Lembaga Penyiaran Publik

Istilah penyiaran umum di Indonesia

Lembaga Penyiaran Publik (LPP) adalah bentuk penyiaran umum yang terdapat di Indonesia. Menurut Undang-Undang (UU) Nomor 32 Tahun 2002 tentang Penyiaran, LPP adalah lembaga penyiaran yang berbentuk badan hukum, didirikan oleh negara, bersifat independen, netral, tidak komersial dan berfungsi memberikan layanan untuk kepentingan masyarakat.[1] Lembaga penyiaran ini resmi terbentuk pada tahun 2005 dan menaungi Radio Republik Indonesia (RRI), Televisi Republik Indonesia (TVRI), serta Lembaga Penyiaran Publik Lokal (LPPL). Saat ini LPP diatur lebih lanjut dalam Peraturan Pemerintah (PP) Nomor 11 Tahun 2005 tentang Lembaga Penyiaran Publik dan PP Nomor 46 Tahun 2021 tentang Pos, Telekomunikasi, dan Penyiaran.

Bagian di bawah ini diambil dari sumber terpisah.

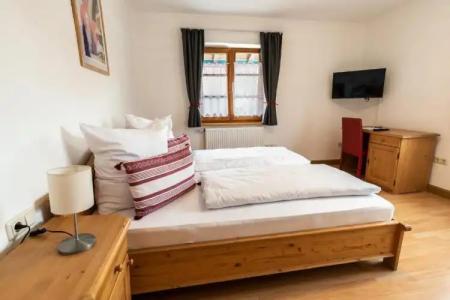 Ammergau Lodge - 19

Sumber pendanaan LPP dapat berasal dari APBN (atau APBD untuk LPPL), iuran penyiaran, sumbangan masyarakat, siaran iklan, dan usaha-usaha lain yang sah yang terkait dengan penyelenggaraan penyiaran. Hingga akhir 2020, sumber pendanaan selain APBN (dalam bentuk Penerimaan Negara Bukan Pajak) untuk RRI dan TVRI diatur lebih lanjut dengan PP Nomor 68 Tahun 2020 untuk RRI dan PP Nomor 66 Tahun 2020 untuk TVRI.

LPP nasional

Kantor pusat RRI (atas) dan TVRI (bawah) di Jakarta.

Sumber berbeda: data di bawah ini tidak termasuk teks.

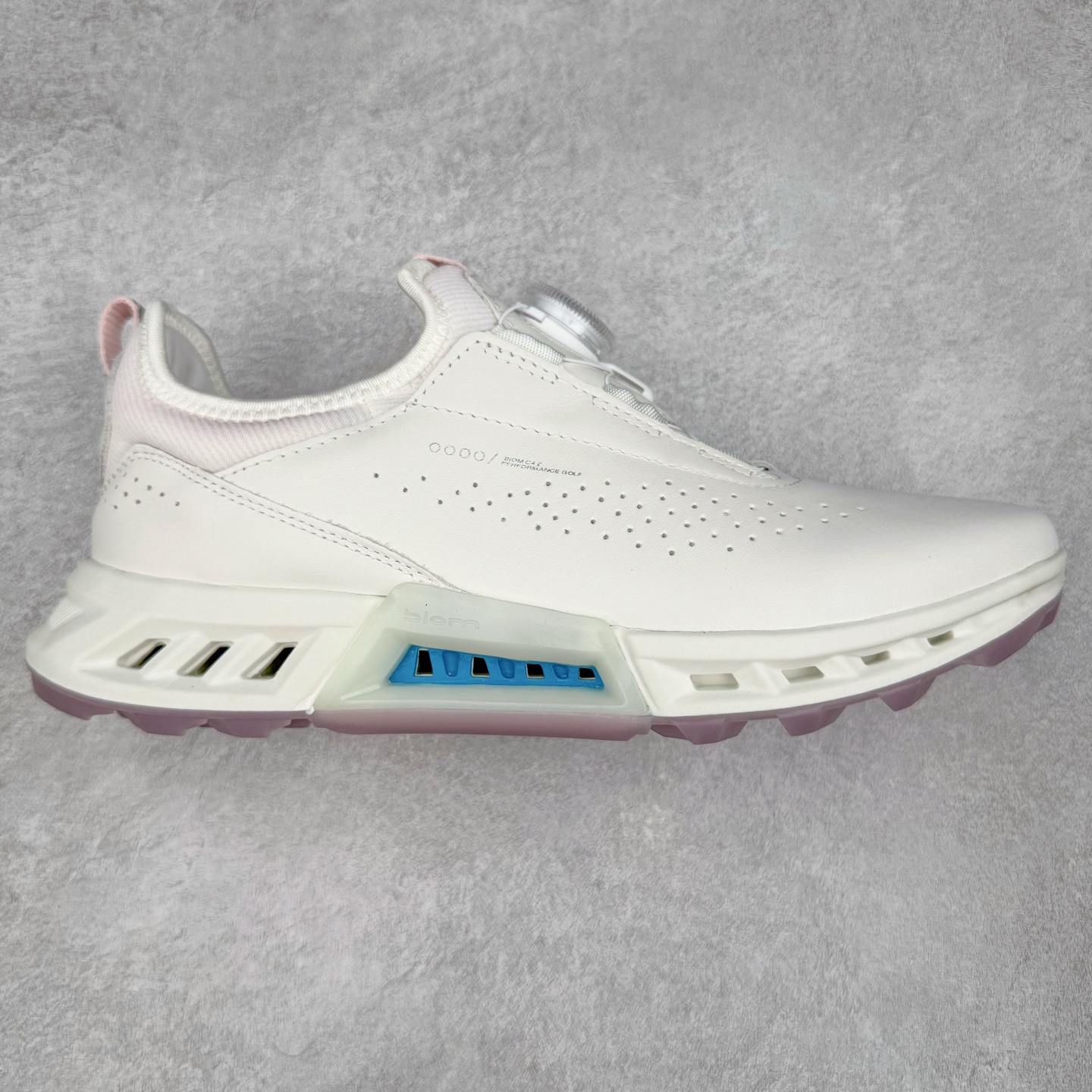 ECCO爱步老爹鞋男士夏季新款 飞织网面百搭潮流户外运动鞋 健步BIOM系列新款 全新的轻量发泡底材与直接注塑橡胶大底相结合 柔软舒适,轻量回弹,脚感更轻盈 鞋面采用GORE-TEX飞织网面与牛皮相结合 给你贴心透气呵护 自然律动科技 符合人体工学鞋楦 贴近足部天然形态 橡胶大底,抓地力强,具有良好的耐磨性 轻盈自如 适跑畅练 尺码:38 39 40 41 42 43 44 (皮鞋码)-选品中心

LPP berskala nasional di Indonesia adalah RRI dan TVRI. RRI dan TVRI pada mulanya adalah lembaga yang didirikan terpisah dari pemerintah pusat, kemudian dimasukkan dalam lingkungan Departemen Penerangan (Deppen) masing-masing pada tahun 1946[2] dan 1975. Dorongan untuk menempatkan kembali RRI dan TVRI sebagai lembaga yang berorientasi pada masyarakat dan independen dari pemerintah mencuat pasca-Reformasi hingga Deppen dibubarkan pada tahun 2000 pada masa pemerintahan Abdurrahman Wahid dan kendali pemerintah secara perlahan dihapuskan (departemen tersebut kemudian dibentuk kembali menjadi Kementerian Komunikasi dan Informatika saat ini). RRI dan TVRI mengalami perubahan status menjadi perusahaan jawatan di bawah Departemen Keuangan di tahun yang sama (TVRI kemudian berganti status lagi menjadi BUMN berbentuk Persero pada tahun 2002) dan secara resmi menjadi LPP pada 2005.

  • RRI didirikan pada tanggal 11 September 1945. RRI saat ini menjalankan empat radio (Pro 1, Pro 2, Pro 3 dan Pro 4) yang dibawa sebagiannya atau seluruhnya oleh 90 stasiun lokal; Pro 3 sendiri merupakan jaringan yang disiarkan secara sentral. RRI juga menjalankan layanan radio internasional Suara Indonesia (Voice of Indonesia).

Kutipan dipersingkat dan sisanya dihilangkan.